(Recorded information begins)
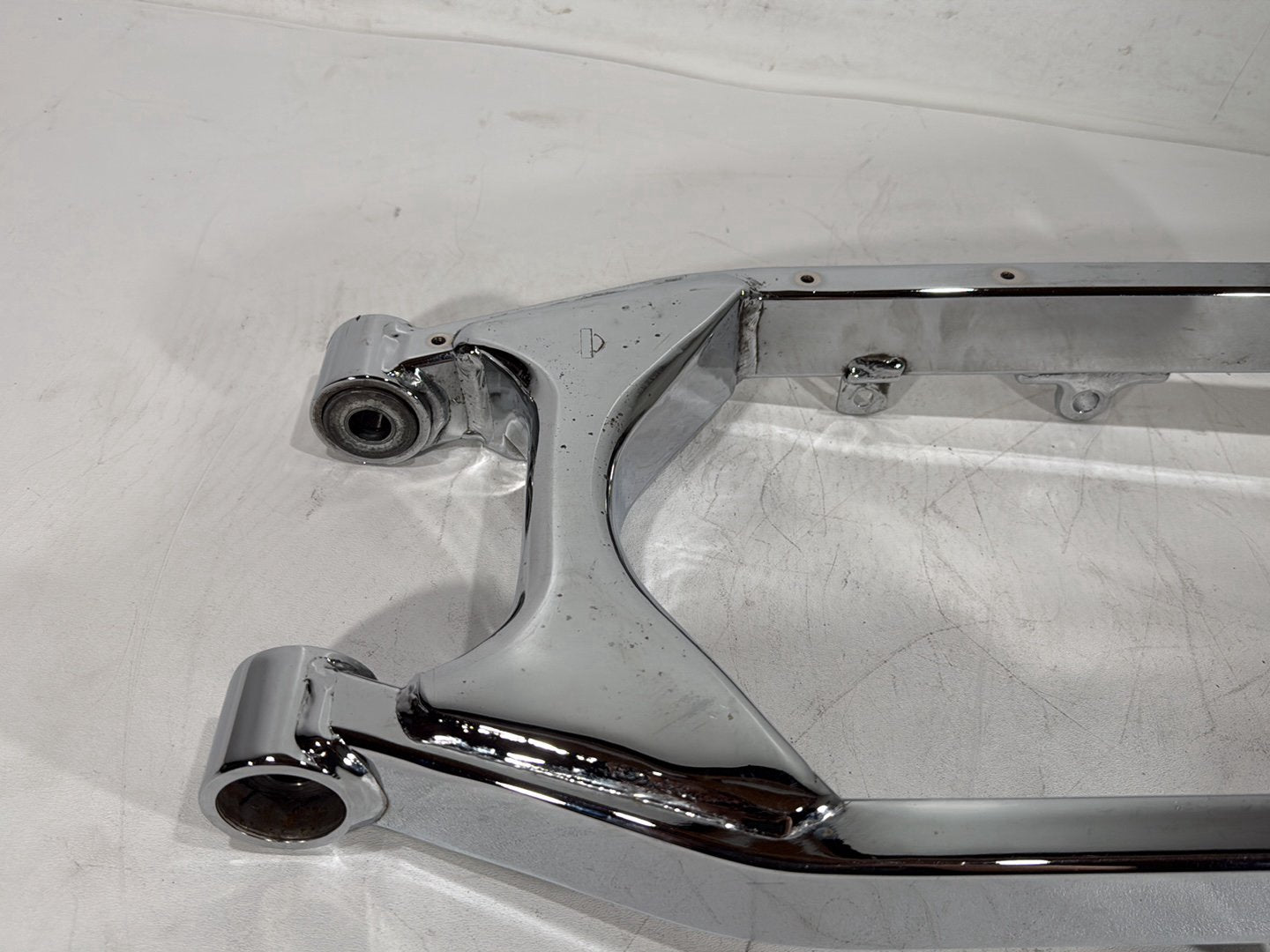 2000 Harley Dyna FXDWG Wide Glide OEM Rear Fork Swingarm Swing Arm
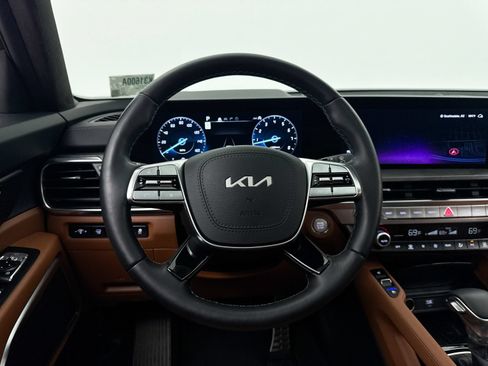 Certified 2025 Kia Telluride SX Prestige X-Pro AWD/4WD image 4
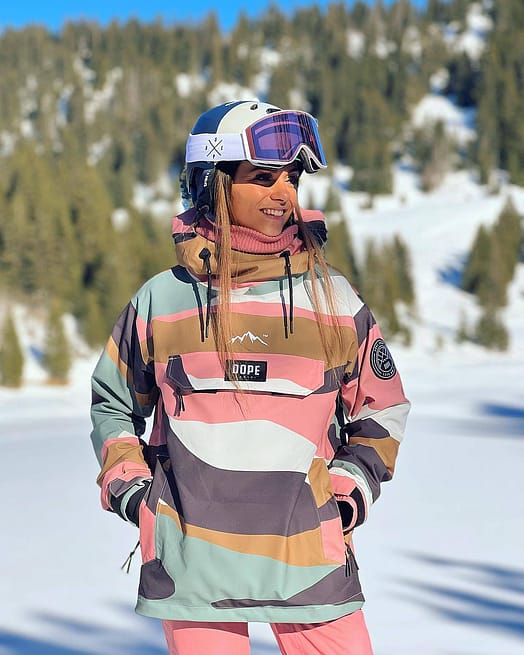 Kunde @livvhyde in Dope Blizzard W Snowboardjacke Damen Shards Gold Muted Pink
(Recorded information ends)
> **Prompt**: What is needed is an exact copy of the data, with the pictures removed.

> **Written response**:
 2000 Harley Dyna FXDWG Wide Glide OEM Rear Fork Swingarm Swing Arm
 Certified 2025 Kia Telluride SX Prestige X-Pro AWD/4WD image 4
 Kunde @livvhyde in Dope Blizzard W Snowboardjacke Damen Shards Gold Muted Pink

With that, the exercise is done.